Forum rules: Please, before asking something see the documentation wiki or use the search feature of the forum. And remember we don't have a crystal ball or mental readers, so if you post about an issue tell us which OpenKM are you using and also the browser and operating system version. For more info read How to Report Bugs Effectively.
 #30512  by mernst0
 
Hello,

I'm evaluating OpenKM 6.4.14 Professional Trial for possible use in my company. A special requirement is: for safety / security reasons everything has to be stored in oracle db. As far as I can see this means to openKM: Document Metadata and Jackrabbit datastore (document data). Q.: Are there any more? I already fiddled about how to store metadata in oracle, this seems to work fine (even with openKM 6.3 CE...). Then I created jackrabbit repository.xml, wich, I can see in catalina.log, is recognized by openKM. Creation of datastore tables failed, Idon't know why, so I created them manually with 4 oracle.ddl which I found in jackrabbit distribution.
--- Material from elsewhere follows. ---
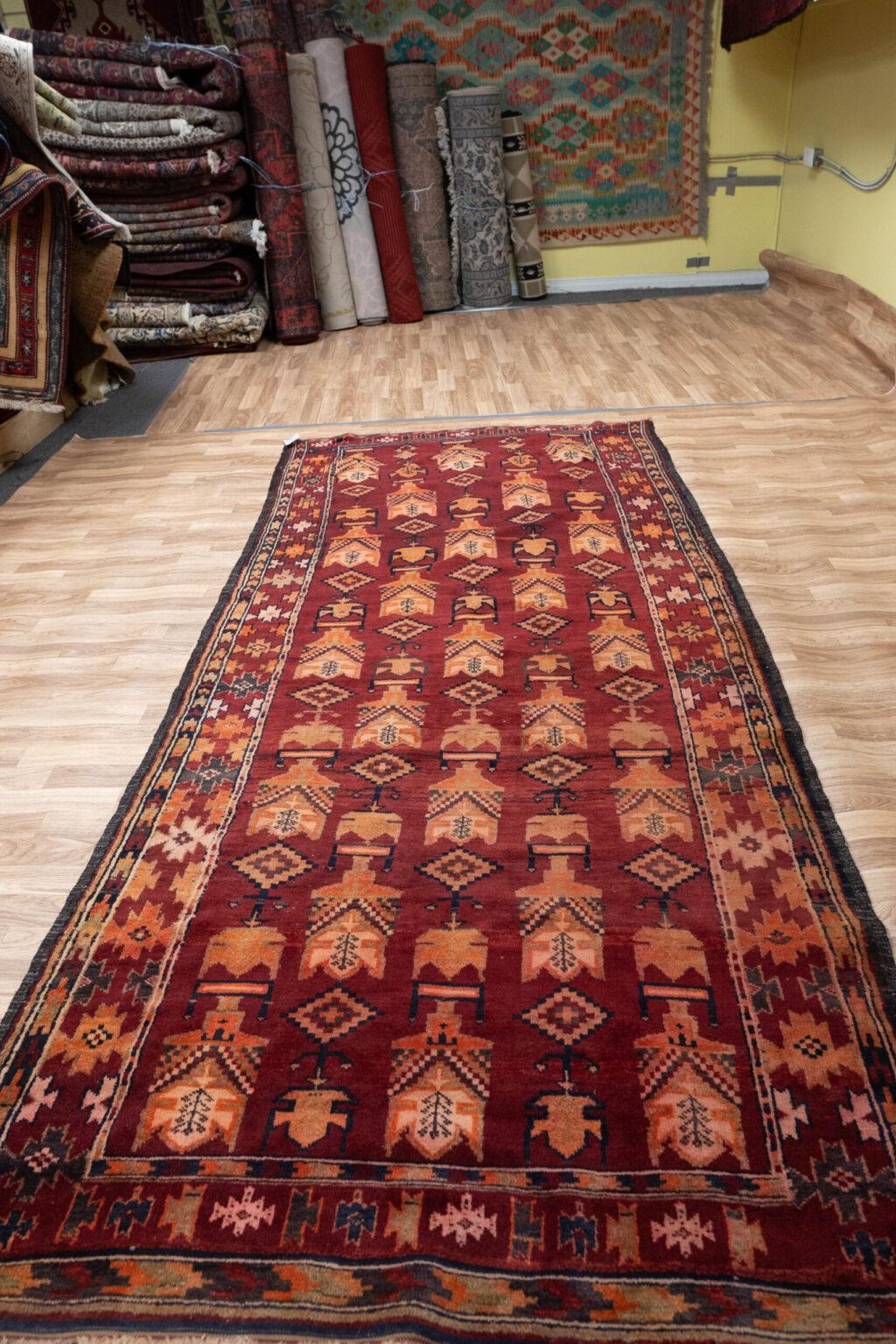Hariz Wool Rug 9.2x4.0 View 3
On catalina start, there are no errors in catalina.log, But when I try to log on, openKM gives me java.lang.NullPointerException and in tomcat console window I see

Exception in thread "Update Info" java.lang.NullPointerException
at com.openkm.api.OKMStats.getMailsByContext(Unknown Source)
at com.openkm.core.RepositoryInfo.runAs(Unknown Source)
at com.openkm.core.RepositoryInfo.run(Unknown Source)
at com.openkm.core.x.run(Unknown Source)
at java.util.TimerThread.mainLoop(Timer.java:555)
at java.util.TimerThread.run(Timer.java:505)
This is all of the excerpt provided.